Quando ho scoperto la lentezza ho ripreso a camminare al mio passo

Un fotomontaggio: sullo sfondo c'è un incrocio di strade a Tokyo, ritratto dall'alto, con tante persone che camminano veloci, soprattutto sulle strisce pedonali ma anche, alcune, fuori dalle stesse. A causa della lunga esposizione, sono molto mosse e questo dà il senso del loro spostarsi veloci. In basso a destra nell'inquadratura c'è una grossa lumaca beige di profilo, col guscio a sinistra, di un marrone più scuro e striato a strisce beige, e le lunghe antenne ritte in testa a destra. La lumaca sembra osservare dall'alto la ressa molto movimentata e veloce giù, sulla strada.

Un elogio della lentezza, che permette di entrare nelle cose, di farne esperienza piena, di scoprire la dignità e la bellezza di trovare noi stessi, di scoprire che in fondo andiamo bene così come siamo, inseguendo il modello che vediamo lentamente crescere in noi

«Sbrigati! Non farti sempre aspettare!», «Sei lento, datti una mossa!». La mia infanzia è stata costellata da questo tipo di “inviti”, che sono diventati col tempo una specie di mantra e che, pian piano, come spesso accade con le cose di quando siamo piccoli, entrano dentro di noi in profondità, fino a farci sentire diversi, fino a convincerci che abbiamo qualcosa che non va.

Durante le ore di ginnastica (ai miei tempi le scienze motorie si chiamavano così), il professore ripeteva che sarebbe stato meglio se io mi fossi impegnato in altre cose, se mi fossi dedicato ad attività in cui non ci volevano velocità, abilità fisica, ecc. E qui comincia un primo problema: che fare? Cercare di essere veloce come gli altri o accontentarsi di come si è? Debbo dire che dopo una prima fase in cui inutilmente cercavo di imitare i compagni più bravi, accadde che cominciai gli studi musicali e improvvisamente mi trovai di fronte a un cambiamento di regole copernicano: ripetizione e lentezza erano le basi degli studi musicali: un brano prima lo si studia lento e poi, piano piano, si cerca di velocizzarlo sempre di più, fino a portarlo alla velocità richiesta.

Rallentare è davvero una esperienza interessante, come a guardare le cose sempre più da vicino.
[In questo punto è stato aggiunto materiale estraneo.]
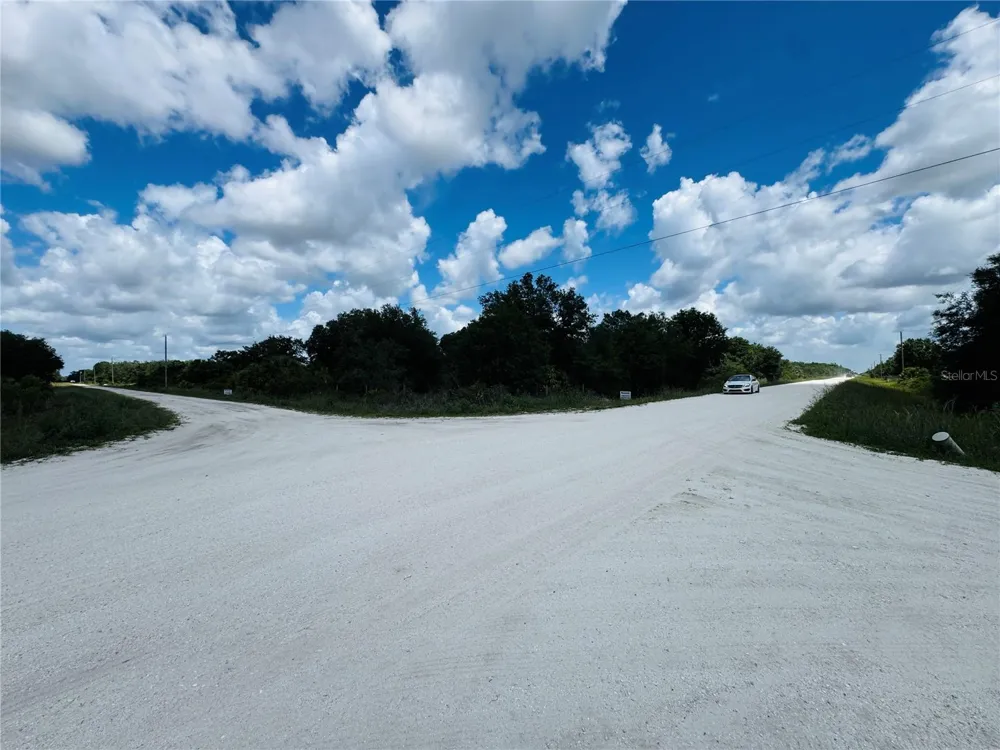 20811 NW 266TH STREET Okeechobee, FL 34972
La lentezza è una vera e propria lente di ingrandimento, nella lentezza sperimentiamo di più, incarniamo le parole e i pensieri che diventano solidi, concreti, reali.

Il tempo passato da quel dì in cui scoprii la lentezza è stato galantuomo, come si suol dire. In seguito ho praticato per diversi anni il Tai chi chuan, arte marziale della lentezza per antonomasia, mi sono appassionato alla cura dei bonsai, che richiede la pazienza e la perizia di far crescere alberi in vaso, osservare le radici che crescono, le foglie che cadono, i fiori che sbocciano, di inseguire pazientemente le stagioni.

In seguito mi sono trovato un mestiere in cui la lentezza non solo è contemplata ma è la virtù più apprezzata, e ora mi trovo a indossare vesti più comode, nelle quali mi sento finalmente me stesso, mi trovo a invitare le persone che cerco di aiutare ad apprezzare la lentezza che ti permette di entrare nelle cose, di farne esperienza piena, di scoprire la dignità e la bellezza di trovare noi stessi, di scoprire che in fondo andiamo bene così come siamo, inseguendo il modello che vediamo lentamente crescere in noi e non inseguendo spasmodicamente gli esempi di fuori.

Già, alla fine dei conti la lentezza ci permette di andare dentro le cose e dentro noi stessi in un viaggio di scoperta che non ci deluderà di sicuro.